Потом эти прекрасные женщины дали нам растворимого кофе того типа, что вызывает некроз кишок, но нам было хорошо и тепло, и сила духа победила некроз, и ничего плохого с нами не случилось. И еще они продали нашим старым людям коробку шоколадных конфет по цене алмаза "Кохинор", и подсели к нам за стол, и рассказали про своих несчастных дочерей и подлых зятьев, и про то, какие чудесные, творческие люди гостили у них в Доме, и про то, как талантливые композиторы всегда просят отдельные коттеджи, и вешают на стену ковры и подушки, а менее талантливые композиторы выходят в мороз к этим отдельным коттеджам и, приложив ухо к стене, подслушивают творческий процесс талантливых, чтобы списать у них музыку и выдать за свою, но талантливые настороже, да и стена вся в подушках, и ничего неталантливым не достается, но они тоже люди и тоже хотят теплого супу. И пусть они едят суп, если хотят.
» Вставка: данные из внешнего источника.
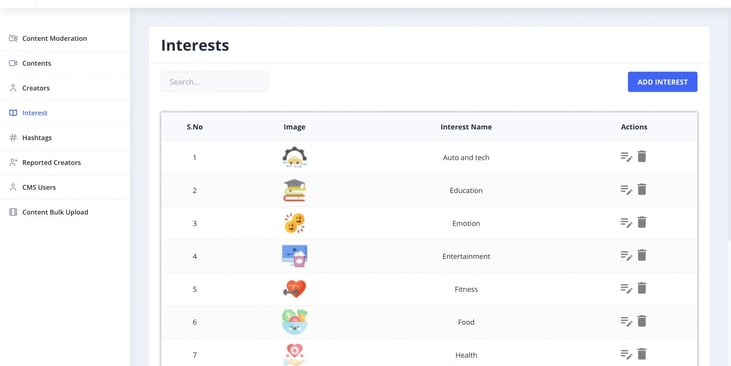 Interest Categories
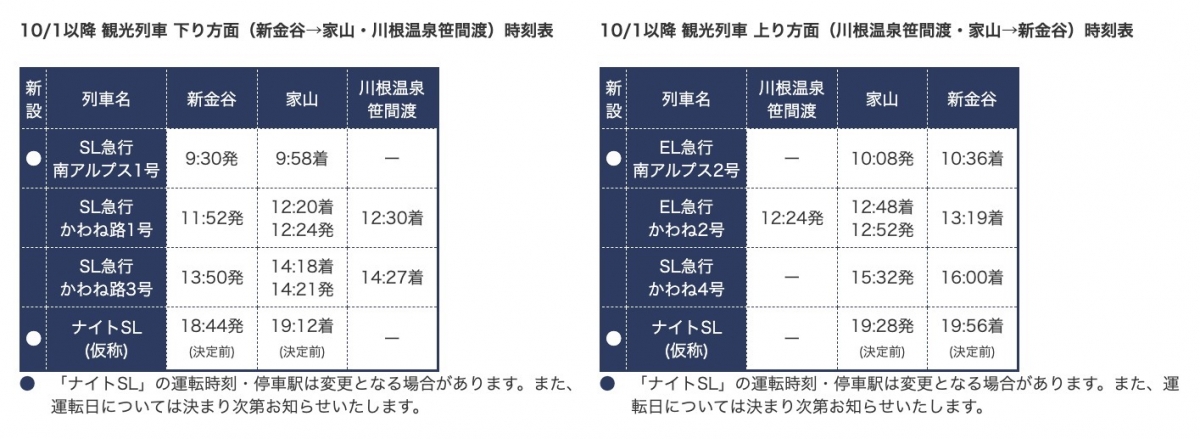 大井川鐵道、10月1日ダイヤ改正 家山〜川根温泉笹間渡で運転再開！1年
И пусть они едят, они тоже люди! Отметим же чем-нибудь некруглую годовщину декабря 1991 года, дадим кому-нибудь то, чего ему давать не полагается! Мы вернулись в Ленинград, а тут и мой отец приехал из Москвы с добычей: делегатам Российского парламента выдавали по шесть таблеток аспирина, но он встал в очередь два раза, и ему дали двенадцать, сделали вид, что не заметили, как он схитрил.
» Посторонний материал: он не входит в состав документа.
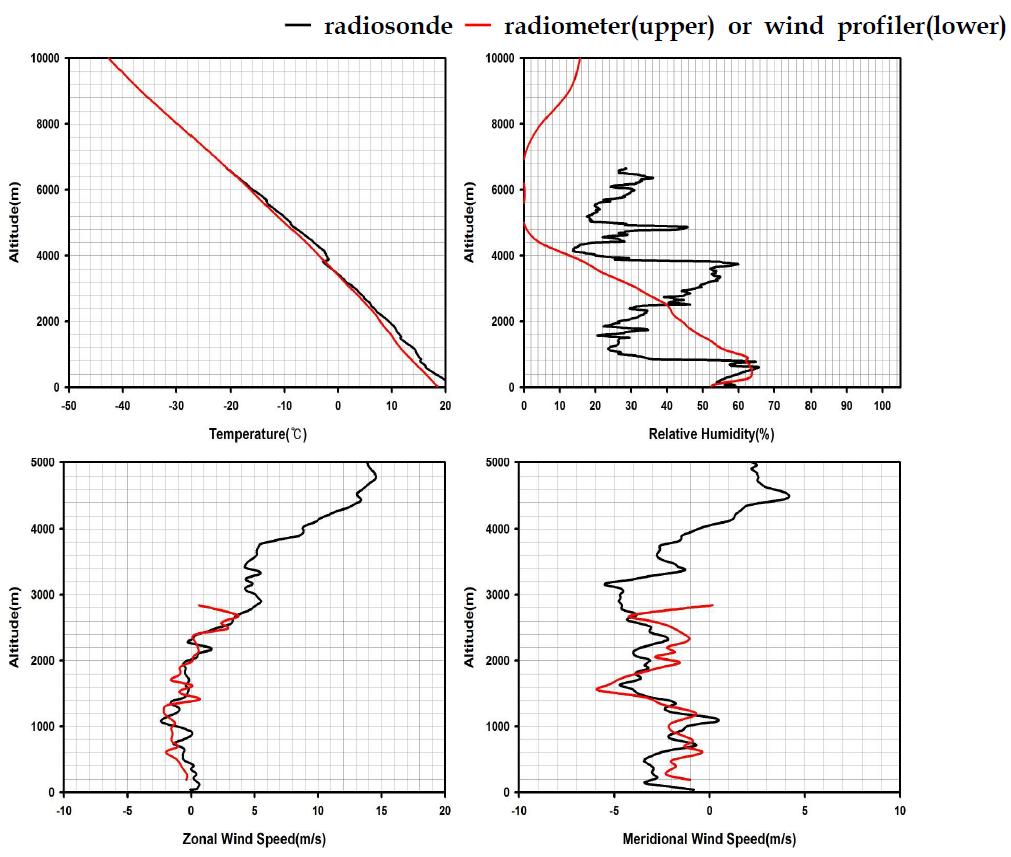 창원에서 2010년 10월 19일 0800LST에 관측한 라디오존데, 라디오미터, 연직바람관측장비 비교 결과.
Кто как, а я свои годовщины отмечу: день, когда отец вернулся домой в 1991 году и плакал. Он купил в буфете пирожков и гордо собрался нести добычу домой, когда старая дама, его ровесница, робко бредшая мимо, спросила его: ...пирожки что, по пять копеек?..- "Нет, по двенадцать",- отвечал отец."О,- сказала дама с сожалением,- это я не могу себе позволить".- И он сунул ей кулек в руки, и бежал прочь, старый человек, не оборачиваясь,- от этого Достоевского стыда и ужаса, от того, что не мог не сунуть ей кулек; оттого, что знал, каково ей с этим кульком в руках там остаться; оттого, что ничем ничего не поправишь и ни перед кем не оправдаешься.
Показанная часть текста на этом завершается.